■ WORK TASK
Each line below from the one containing "Puff Aramado Bronze Zaya L02 Linho Cinza" through the one containing "7 Pack 3D Baby" should be output exactly as it stands, and no other line should appear.

[SOURCE DATA Boundary: Start]

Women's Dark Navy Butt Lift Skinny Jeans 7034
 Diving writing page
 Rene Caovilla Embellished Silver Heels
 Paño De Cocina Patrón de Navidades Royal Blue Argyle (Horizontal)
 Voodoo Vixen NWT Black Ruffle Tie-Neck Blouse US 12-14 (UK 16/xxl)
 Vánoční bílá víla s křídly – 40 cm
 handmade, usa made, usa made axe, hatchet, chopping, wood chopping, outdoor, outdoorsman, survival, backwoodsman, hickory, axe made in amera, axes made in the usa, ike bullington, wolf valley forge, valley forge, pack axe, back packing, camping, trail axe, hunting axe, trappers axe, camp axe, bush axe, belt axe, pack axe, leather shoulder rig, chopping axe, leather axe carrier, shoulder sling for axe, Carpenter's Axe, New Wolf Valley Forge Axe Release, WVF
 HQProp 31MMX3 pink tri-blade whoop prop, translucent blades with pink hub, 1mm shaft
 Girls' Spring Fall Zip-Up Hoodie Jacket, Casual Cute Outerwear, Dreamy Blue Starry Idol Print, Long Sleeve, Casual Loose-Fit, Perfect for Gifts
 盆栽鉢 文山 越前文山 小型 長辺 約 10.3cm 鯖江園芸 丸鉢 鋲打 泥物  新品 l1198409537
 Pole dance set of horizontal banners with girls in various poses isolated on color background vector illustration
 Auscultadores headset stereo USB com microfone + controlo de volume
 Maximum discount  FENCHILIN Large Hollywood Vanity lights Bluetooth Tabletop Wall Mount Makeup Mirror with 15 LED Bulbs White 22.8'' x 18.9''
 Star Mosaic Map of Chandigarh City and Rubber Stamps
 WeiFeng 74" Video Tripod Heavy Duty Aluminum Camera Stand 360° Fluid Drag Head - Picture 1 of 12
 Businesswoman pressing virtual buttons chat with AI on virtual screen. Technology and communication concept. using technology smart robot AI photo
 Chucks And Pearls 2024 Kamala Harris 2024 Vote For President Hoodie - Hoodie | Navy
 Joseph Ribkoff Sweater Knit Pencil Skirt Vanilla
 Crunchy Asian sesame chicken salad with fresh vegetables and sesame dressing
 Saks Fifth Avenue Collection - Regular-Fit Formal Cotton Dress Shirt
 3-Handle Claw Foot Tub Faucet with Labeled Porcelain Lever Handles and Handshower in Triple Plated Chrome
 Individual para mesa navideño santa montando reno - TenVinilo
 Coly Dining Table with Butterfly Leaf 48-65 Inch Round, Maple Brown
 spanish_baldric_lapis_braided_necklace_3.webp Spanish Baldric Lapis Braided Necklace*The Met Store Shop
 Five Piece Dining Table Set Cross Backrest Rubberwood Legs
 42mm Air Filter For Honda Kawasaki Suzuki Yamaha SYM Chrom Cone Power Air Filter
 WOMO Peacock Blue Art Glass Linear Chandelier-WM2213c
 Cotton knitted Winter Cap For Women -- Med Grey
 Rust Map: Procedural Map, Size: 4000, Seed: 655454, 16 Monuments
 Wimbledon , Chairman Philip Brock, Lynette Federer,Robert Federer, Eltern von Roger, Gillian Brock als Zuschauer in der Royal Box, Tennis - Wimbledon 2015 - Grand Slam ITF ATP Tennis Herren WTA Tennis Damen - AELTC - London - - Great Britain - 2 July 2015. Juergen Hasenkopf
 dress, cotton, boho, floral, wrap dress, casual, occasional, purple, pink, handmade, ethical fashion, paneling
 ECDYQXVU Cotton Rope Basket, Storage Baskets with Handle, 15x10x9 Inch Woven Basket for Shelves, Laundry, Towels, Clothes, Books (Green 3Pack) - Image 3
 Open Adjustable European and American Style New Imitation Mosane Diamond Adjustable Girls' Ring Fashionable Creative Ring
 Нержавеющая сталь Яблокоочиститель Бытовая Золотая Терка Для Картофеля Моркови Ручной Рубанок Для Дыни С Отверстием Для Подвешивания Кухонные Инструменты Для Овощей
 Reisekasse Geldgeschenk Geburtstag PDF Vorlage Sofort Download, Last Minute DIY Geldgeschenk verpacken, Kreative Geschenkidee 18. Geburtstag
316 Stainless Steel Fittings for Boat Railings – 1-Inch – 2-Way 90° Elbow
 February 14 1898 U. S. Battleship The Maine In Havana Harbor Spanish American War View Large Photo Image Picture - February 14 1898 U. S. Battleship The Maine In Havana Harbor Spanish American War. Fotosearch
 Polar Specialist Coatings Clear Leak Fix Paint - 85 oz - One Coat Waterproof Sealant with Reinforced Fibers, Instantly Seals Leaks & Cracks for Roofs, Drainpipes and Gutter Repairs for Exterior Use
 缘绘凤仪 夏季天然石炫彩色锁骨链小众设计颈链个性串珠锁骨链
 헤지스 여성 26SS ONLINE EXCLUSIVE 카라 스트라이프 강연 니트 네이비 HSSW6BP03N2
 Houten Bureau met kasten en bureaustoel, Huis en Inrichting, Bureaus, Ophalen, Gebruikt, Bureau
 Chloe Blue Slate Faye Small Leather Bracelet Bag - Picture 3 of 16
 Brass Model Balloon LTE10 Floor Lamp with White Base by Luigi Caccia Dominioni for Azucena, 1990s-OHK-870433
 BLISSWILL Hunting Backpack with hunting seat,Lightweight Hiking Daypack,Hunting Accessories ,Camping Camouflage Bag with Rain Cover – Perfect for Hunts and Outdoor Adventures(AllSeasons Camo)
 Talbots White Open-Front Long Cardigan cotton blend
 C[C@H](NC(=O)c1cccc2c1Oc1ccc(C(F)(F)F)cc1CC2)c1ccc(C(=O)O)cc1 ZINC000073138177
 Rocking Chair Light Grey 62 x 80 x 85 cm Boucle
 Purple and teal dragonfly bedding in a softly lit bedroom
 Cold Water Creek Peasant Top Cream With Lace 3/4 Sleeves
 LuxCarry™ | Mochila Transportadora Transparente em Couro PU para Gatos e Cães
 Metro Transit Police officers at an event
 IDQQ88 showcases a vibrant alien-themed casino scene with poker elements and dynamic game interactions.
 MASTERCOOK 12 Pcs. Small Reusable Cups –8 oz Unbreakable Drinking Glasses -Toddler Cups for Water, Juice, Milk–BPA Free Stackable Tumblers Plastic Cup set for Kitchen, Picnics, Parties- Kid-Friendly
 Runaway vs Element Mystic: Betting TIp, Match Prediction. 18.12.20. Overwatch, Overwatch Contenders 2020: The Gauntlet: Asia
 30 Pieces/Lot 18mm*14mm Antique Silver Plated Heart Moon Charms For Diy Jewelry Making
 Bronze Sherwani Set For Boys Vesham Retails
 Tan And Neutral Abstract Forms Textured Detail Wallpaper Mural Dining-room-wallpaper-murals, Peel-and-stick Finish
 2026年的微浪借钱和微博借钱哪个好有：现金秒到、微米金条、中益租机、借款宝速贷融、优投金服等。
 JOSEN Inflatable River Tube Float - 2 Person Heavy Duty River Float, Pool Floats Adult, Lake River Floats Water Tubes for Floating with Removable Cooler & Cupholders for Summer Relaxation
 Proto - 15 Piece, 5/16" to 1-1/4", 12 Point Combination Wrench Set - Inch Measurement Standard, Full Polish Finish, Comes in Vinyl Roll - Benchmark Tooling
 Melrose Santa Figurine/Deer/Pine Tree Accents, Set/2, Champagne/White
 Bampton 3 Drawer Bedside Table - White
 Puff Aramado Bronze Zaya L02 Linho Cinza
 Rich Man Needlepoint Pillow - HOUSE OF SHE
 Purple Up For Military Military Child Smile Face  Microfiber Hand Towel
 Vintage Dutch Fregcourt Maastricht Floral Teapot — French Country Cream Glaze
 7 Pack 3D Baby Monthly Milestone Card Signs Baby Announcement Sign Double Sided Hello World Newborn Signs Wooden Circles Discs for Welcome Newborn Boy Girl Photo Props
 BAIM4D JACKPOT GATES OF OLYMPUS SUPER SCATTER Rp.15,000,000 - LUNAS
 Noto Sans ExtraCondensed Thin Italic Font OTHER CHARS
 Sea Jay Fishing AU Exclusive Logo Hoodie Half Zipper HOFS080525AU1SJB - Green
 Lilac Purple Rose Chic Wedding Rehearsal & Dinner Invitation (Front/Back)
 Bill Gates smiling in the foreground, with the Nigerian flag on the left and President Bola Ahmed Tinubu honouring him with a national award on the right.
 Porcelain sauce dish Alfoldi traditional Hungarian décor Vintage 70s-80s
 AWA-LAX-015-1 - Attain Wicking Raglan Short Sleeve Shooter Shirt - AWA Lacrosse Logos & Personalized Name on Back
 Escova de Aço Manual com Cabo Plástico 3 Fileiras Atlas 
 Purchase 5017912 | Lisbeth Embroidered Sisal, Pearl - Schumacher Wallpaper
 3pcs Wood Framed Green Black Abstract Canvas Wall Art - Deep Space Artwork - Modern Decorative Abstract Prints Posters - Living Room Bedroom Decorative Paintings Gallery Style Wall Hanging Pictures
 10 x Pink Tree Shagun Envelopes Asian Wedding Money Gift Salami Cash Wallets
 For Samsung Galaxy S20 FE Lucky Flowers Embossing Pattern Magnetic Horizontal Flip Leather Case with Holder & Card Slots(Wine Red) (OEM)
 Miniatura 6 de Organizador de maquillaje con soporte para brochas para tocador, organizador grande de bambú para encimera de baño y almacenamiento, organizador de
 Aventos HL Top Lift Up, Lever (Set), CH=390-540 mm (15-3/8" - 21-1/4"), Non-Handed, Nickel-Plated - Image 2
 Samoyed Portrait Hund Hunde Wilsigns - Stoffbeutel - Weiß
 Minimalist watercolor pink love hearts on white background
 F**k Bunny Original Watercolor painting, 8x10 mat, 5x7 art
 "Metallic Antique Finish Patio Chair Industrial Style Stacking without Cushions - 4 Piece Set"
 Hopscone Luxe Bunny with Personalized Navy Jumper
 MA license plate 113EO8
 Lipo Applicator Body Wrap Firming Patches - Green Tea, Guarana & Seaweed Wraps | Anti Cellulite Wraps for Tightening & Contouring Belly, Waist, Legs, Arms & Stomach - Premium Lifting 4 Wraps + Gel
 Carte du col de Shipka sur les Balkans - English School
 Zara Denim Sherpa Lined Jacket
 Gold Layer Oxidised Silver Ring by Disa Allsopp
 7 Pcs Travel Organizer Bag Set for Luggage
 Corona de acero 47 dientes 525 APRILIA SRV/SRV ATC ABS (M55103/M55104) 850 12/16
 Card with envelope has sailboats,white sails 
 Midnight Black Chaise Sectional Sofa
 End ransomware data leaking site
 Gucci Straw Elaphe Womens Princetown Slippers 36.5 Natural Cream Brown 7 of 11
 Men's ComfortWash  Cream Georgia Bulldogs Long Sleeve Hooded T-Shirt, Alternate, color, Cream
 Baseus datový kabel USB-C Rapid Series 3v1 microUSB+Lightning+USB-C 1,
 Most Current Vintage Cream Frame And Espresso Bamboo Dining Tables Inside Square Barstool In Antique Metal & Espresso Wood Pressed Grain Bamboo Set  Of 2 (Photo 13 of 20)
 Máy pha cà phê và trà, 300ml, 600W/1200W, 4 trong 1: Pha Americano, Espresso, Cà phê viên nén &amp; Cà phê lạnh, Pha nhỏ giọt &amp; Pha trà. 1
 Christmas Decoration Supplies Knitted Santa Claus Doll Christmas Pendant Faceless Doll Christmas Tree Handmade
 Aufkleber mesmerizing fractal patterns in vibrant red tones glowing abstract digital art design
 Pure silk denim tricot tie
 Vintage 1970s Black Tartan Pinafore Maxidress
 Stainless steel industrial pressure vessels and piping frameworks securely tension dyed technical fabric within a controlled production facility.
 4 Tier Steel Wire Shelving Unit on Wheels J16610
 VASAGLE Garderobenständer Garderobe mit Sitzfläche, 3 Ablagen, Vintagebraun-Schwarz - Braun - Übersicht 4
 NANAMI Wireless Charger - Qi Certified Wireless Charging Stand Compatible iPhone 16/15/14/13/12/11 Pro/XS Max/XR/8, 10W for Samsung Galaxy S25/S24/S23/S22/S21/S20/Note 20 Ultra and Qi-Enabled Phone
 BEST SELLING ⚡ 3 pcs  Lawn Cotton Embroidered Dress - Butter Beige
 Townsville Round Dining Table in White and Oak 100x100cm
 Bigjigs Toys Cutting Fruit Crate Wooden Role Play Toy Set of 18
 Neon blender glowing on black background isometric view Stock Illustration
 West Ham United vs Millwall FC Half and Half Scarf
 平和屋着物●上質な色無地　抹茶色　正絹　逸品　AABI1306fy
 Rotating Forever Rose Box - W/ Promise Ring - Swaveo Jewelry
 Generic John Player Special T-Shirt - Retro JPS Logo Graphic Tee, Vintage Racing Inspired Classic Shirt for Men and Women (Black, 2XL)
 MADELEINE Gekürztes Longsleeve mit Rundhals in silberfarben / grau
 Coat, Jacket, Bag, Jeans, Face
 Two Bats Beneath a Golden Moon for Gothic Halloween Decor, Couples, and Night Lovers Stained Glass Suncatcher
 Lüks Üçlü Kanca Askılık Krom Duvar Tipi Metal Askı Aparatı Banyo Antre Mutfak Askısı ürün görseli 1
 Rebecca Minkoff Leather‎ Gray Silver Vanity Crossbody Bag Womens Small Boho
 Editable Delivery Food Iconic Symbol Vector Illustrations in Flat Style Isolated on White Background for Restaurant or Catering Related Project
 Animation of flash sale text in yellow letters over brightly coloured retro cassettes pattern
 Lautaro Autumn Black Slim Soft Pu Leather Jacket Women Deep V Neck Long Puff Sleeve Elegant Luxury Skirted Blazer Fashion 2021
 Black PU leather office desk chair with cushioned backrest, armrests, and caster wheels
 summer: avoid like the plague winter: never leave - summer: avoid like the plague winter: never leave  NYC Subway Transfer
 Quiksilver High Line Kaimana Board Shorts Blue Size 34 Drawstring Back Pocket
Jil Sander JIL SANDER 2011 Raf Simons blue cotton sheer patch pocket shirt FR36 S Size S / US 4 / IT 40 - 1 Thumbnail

[SOURCE DATA Boundary: End]

■ OUTPUT
 Puff Aramado Bronze Zaya L02 Linho Cinza
 Rich Man Needlepoint Pillow - HOUSE OF SHE
 Purple Up For Military Military Child Smile Face  Microfiber Hand Towel
 Vintage Dutch Fregcourt Maastricht Floral Teapot — French Country Cream Glaze
 7 Pack 3D Baby Monthly Milestone Card Signs Baby Announcement Sign Double Sided Hello World Newborn Signs Wooden Circles Discs for Welcome Newborn Boy Girl Photo Props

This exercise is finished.